Review: Yamaha Revstar RS502T and RS820CR Guitars


It’s been quite a long time since Yamaha introduced an entirely new electric solidbody guitar model, let alone a new series of them.

In fact, previous to Yamaha’s new Revstar series, their most recent new solidbody model was the RGX-A2, which made its debut in 2004. In today’s current lineup, the SG/SBG series have existed since 1974 (although they were unofficially discontinued between 1988 and their resurrection in 2010) and the Pacifica series has remained in constant production since 1990.
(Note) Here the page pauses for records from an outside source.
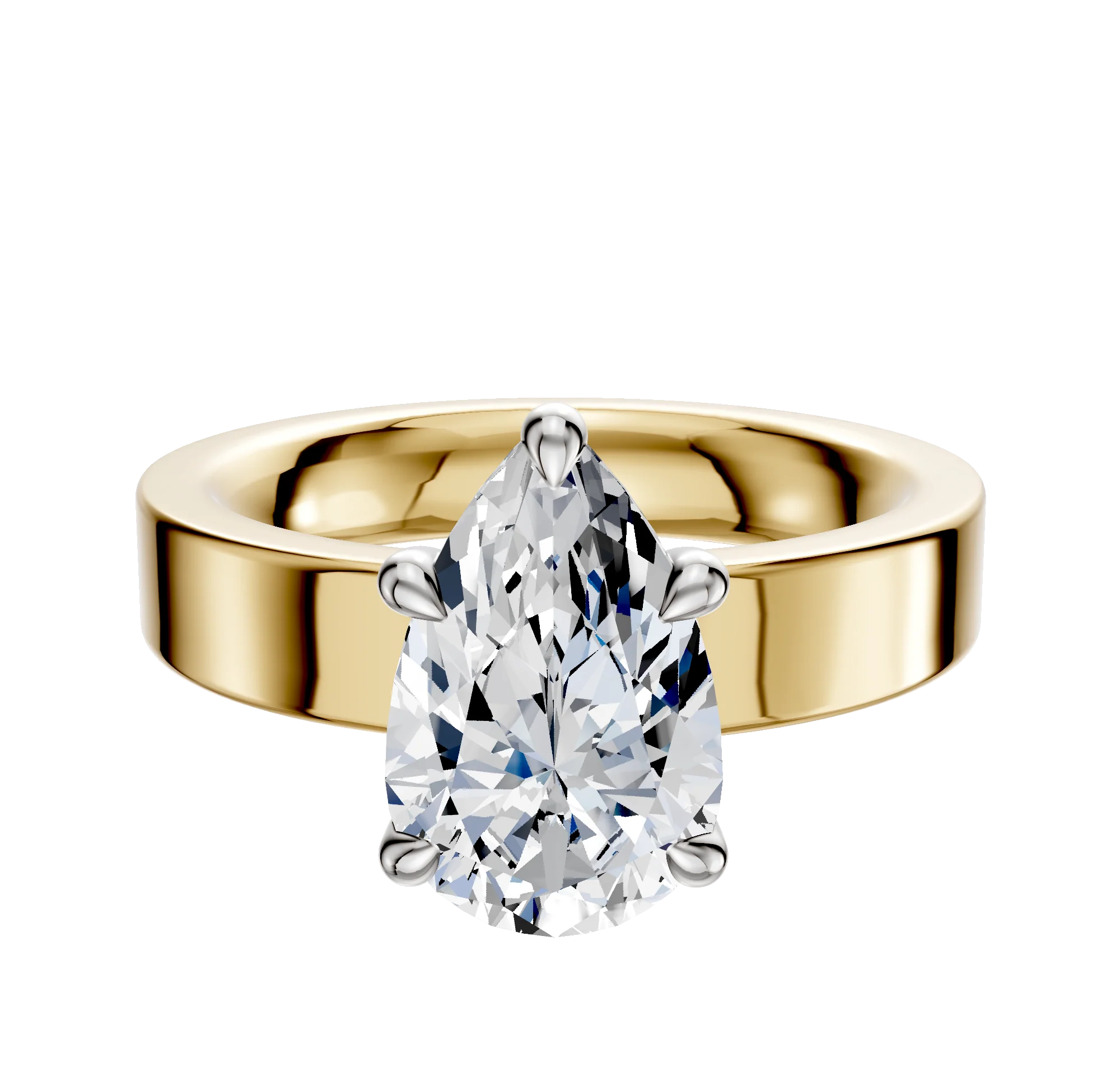 18K Two Tone 4 Prong Basket Classic Flat 4.0mm Engagement Ring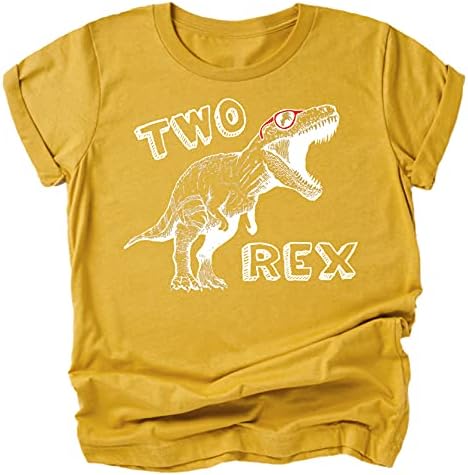 Zeytin Seviyor Elma İki Rex Dinozor 2nd Doğum Günü T-Shirt Bebek Kız ve Erkek İkinci Doğum Günü Kıyafeti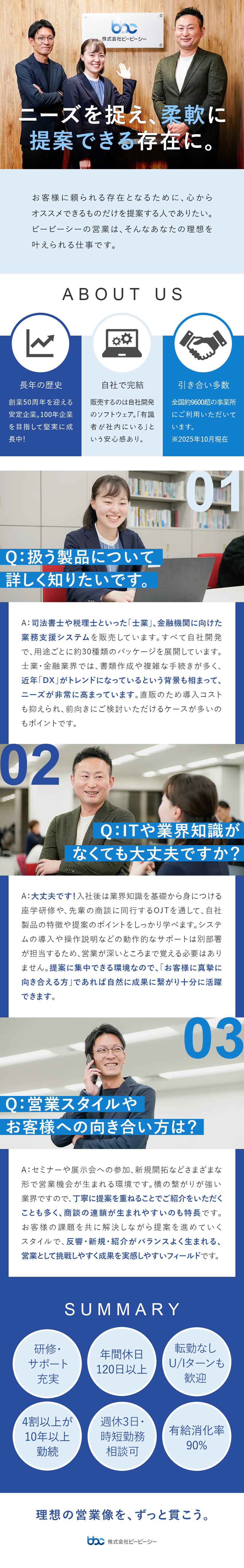 【需要増】士業・金融業界／自社開発システムの提案／【未経験OK】座学研修、OJTなど手厚いサポート有／【働きやすい】有休消化率9割／高い定着率で安心／株式会社ビービーシー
Needless to say, when Yamaha introduces a new series of solidbody electric guitars, they have a good reason to and one can generally count on them being around for a while.

While Yamaha has introduced several impressive guitar innovations in the new millennium, including the “Silent Guitar” and their Alternative Internal Resonance (A.I.R.) body construction technology, the new Revstar series is really more a refinement of traditional designs than a radical new rethink. In addition to offering timeless features inspired by some of the most classic guitar designs ever, a few of the eight new models—including the RS502T and RS820CR guitars that we tested—have styling influenced by British and Japanese café racer motorcycles, which is long overdue considering that Yamaha motorcycles are as popular and beloved as their guitars.


A quick glance at the spec sheets for the RS502T and RS820CR suggests that both models are heavily influenced by Les Paul designs circa 1955-57. Both have a mahogany body with a maple top, set-in mahogany neck with a rosewood fingerboard, 24 3/4–inch scale, and 22 frets, and either a pair of full-size humbucking (RS820CR) or P-90-style single coil (RS502T) pickups. However, Yamaha has made numerous refinements to those designs and even introduced a few impressive innovations.

Both models feature master volume and master tone controls, and the master tone control pulls up to engage Yamaha’s passive “Dry” circuit, which rolls off frequencies below 2kHz by about -5 to -10dB to enhance clarity. The RS502T’s VP5 single-coil pickups built by Yamaha Guitar Design (YGD) feature alnico V magnets, a German silver baseplate, plain enamel wire, and 8.3k ohms output. The RS820CR’s VH5+ humbuckers also have alnico V magnets and German silver baseplates, but the wire is heavy formvar and the output is 8.3k ohms for the neck pickup and 8.8k ohms for the bridge pickup. Both models have a blade-style three-position pickup selector switch.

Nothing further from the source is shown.